Yo La Tengo review – indie royalty run through their beloved back catalogue

Over a two-and-a-half-hour set the trio turn over old songs and new from their 40-year career, unearthing surprises every time
  
  

In it for the thrill … Ira Kaplan of Yo La Tengo at SWG3 Glasgow, 27 August 2024.
In it for the thrill … Ira Kaplan of Yo La Tengo at SWG3 Glasgow, 27 August 2024. Photograph: Katherine Anne Rose/The Observer

‘We put out another record; it’s our hundredth,” deadpans Yo La Tengo’s Ira Kaplan. Last year’s This Stupid World was, in fact, their 17th LP, but it’s been 40 years since guitarist Kaplan and drummer Georgia Hubley founded the band, and 30 since bassist James McNew joined for good. Certified indie-rock royalty, this tour is a celebration of that almighty back catalogue and a display of the questing musical curiosity which has made them so beloved.

For two and a half hours, without a support act or flashy showmanship, the trio turn over old songs and new like pebbles in a rockpool, unearthing surprises every time. Divided into two sets by a polite intermission, the first hour is a slower, intense sampling from that “hundredth” album. An extended, absorbing roll through the already seven-minute Sinatra Drive Breakdown sets the pace; Kaplan’s metallic guitar writhing around McNew’s driving bass and Hubley’s nuanced, bone-rattling percussion. The song rises and falls, expands and contracts, and the trio remain fixed, firmly, on each other.

Rotating between instruments without ceremony, Hubley takes the lead on hushed Aselestine, a quiet triumph, while McNew fronts the swinging, surreal Tonight’s Episode. Revisiting the far older track My Heart’s Reflection, Kaplan’s strings squeak and his voice cracks, just a little – enough to make it feel intimate and raw, all over again.

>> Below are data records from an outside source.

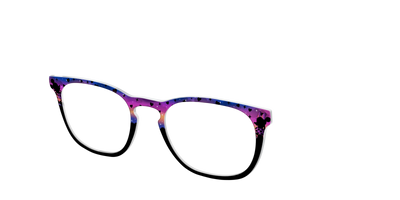 The Mickey & Minnie Shadow Play - Angle Top Thumbnail - Pair Eyewear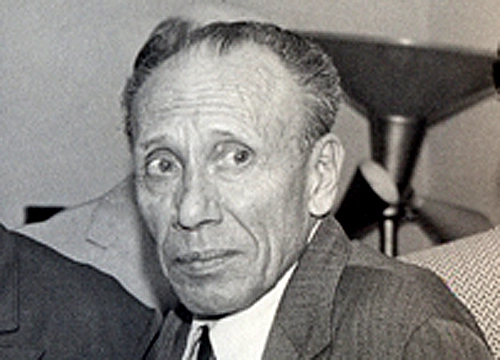 Kid Jofre - Ex-treinador de boxe, pai de Eder Jofre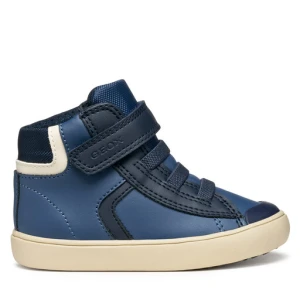Sneakersy Geox B Gisli B461NA 054FU C4277 S Granatowy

They return invigorated for the second set. Recent song Fallout is an easy high; its whirring groove and evergreen melody sits easily next to decades-long fan favourites such as Sudden Organ (a magnificently unhinged carnival of synthesised harpsichord), the delicious comic timing of Moby Octopad and the tender shoegaze of Decora. Until now, Yo La Tengo have been a closed circuit on stage, eyes only for each other – but when they invite Teenage Fanclub’s Norman Blake and Raymond McGinley for a radiant, frenzied, guitar-filled I Heard You Looking, the show finds a tantalising new openness. “We have time for more, right?” urges Kaplan. After a career-spanning double set, and 40 years on the road, it’s obvious that Yo La Tengo are still in this for the thrill.